Thankfully they didn’t sit down.
The informality of the Camino is wonderful. You can amble up to someone, have a conversation, not exchange names/email/phone/star-sign etc, drop back or move up, see them later, smile and re-engage. Or not. No pressure. People want and get their space, but equally they can engage. It’s akin to anonymous speed-dating with no intent. It feels like most people want their space but don’t want to be unpleasant. Unwritten rules? Don’t know. Too early.
Today I, met a Scottish language teacher living in Donostia (young lady going home soon). I mean to say, she was Scottish, I assume she was teaching a language other than “Scottish”. I met a German industrial designer (unemployed male who designed machines to extract coal but the Chinese do it more cheaply – so he’s unemployed), a female German student transferring from medical biology to medicine and studying in Holland (she doesn’t like The Fatherland), a Danish mother and daughter duo doing the Camino for a week (no back story but wish there was – both blond and slim), a mature Japanese student who’s studying religion in Paris (that man takes a photo every 30 seconds and was wearing a Chelsea football top – go figure), and of course, indirectly, Thelma and Sherm, an American couple who’d find a conversation about gravel to be enthralling. There were a couple of other passing platitudes but for the most part, I kept myself to myself as it was as much as I could do to communicate with my legs let alone with other humans. Other than the Septics, I don’t know any names. And so it goes…
I left about 0630 and the journey was about 7 hours which seemed longer than it should but I am probably still acclimatising. I checked into the local Albergue for €8, not because it’s dirt cheap (really, honestly), but because it’s part of the experience. It is a shit hole. A clean one, but a shit hole nonetheless. See photos. I got a lower bunk, so did a cigarette-puffing, noisy, cheerful, crusty Italian to my right. We’ll see what the night brings – I’m off to the pharmacist for air freshener. Fortune favors the prepared. So I hope……
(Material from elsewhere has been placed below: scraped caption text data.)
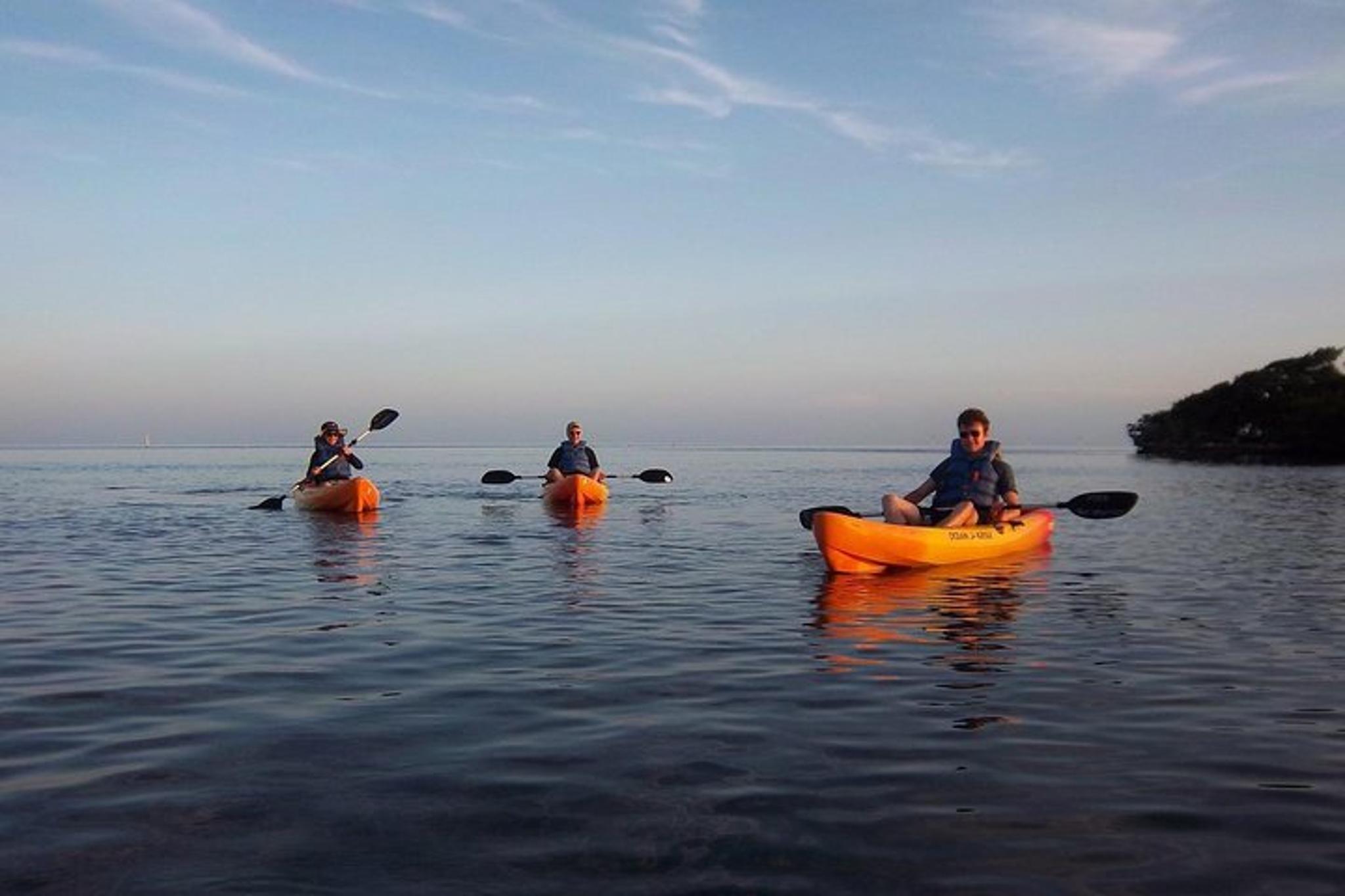 Key Largo Mangrove SUP/Kayak Rental - Image 4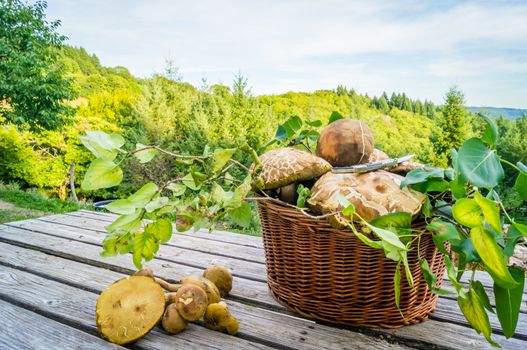 Basket full of cep mushrooms on a wooden table in France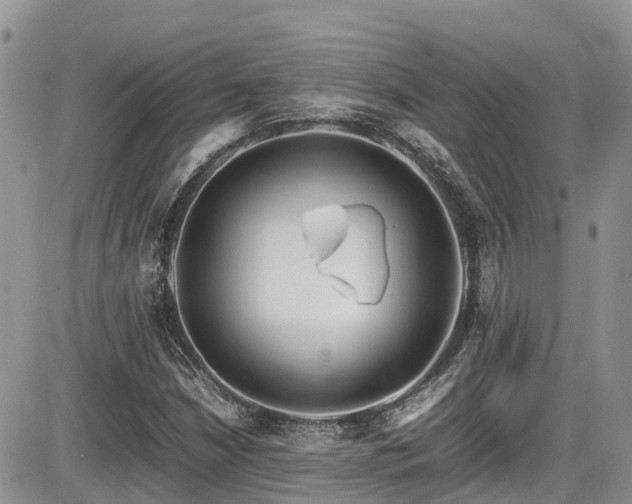 X0000086091210200703231421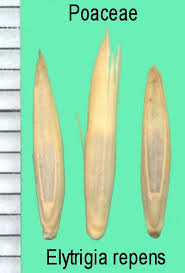Attēlu rezultāti vaicājumam “Elytrigia repens subsp. arenosa”
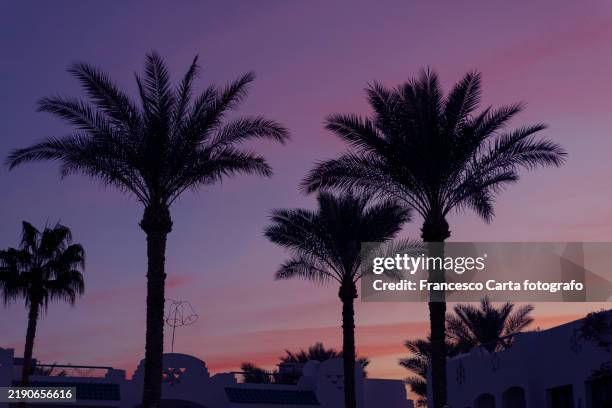 egyptian palm trees silhouetted in the sunset - sharm el sheikh stock pictures, royalty-free photos & images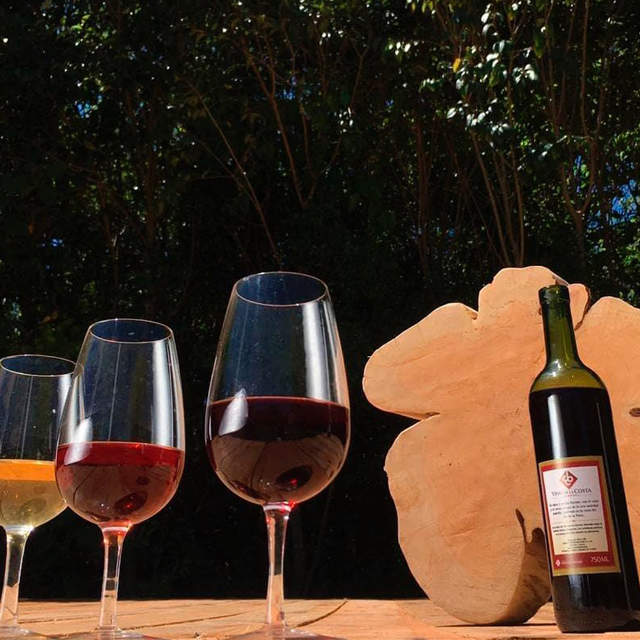 Berisso tierra inmigrante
Legs are tired though I think they will recover relatively quickly. Calves tight, hip flexors tight – need to work on that. My back is complaining (moderately) about the pack, as are my hips (more so) where the thick waist strap applies downward pressure (because that, more than the shoulder straps, supports the weight). My hips are very sensitive to the touch with small welts developing, caused by a large mass relentlessly and insensitively pushing down on a small area. I know how Melania Trump must feel.
I bumped in to Maurice in the hiking store in Zubiri. He was energised though his visceral reaction was the same as mine. WTF have I done and WTF will I be normal. His jet-lag did some of that to him. He was up at 0345, raring to go, so he went. OMG!
Tomorrow, it’s about 22km to Pamplona. Weather looks broadly cooperative after 10am with early showers beforehand. I plan an early departure so I can spend some time exploring the first large city we come across.
I don’t know where the day goes (pun). I’d kill for a Thai massage (fat chance).
Lastly, a non-sequitur. Today is the 49th anniversary of the first moon landing. Nobody gives a shit anymore, which is sad. SnapChat stock price is more important than celebrating human endeavour. Pop quiz (no wiki-cheating, please): we all know Armstrong and Alrdin, but who was the third crew member of Apollo 11?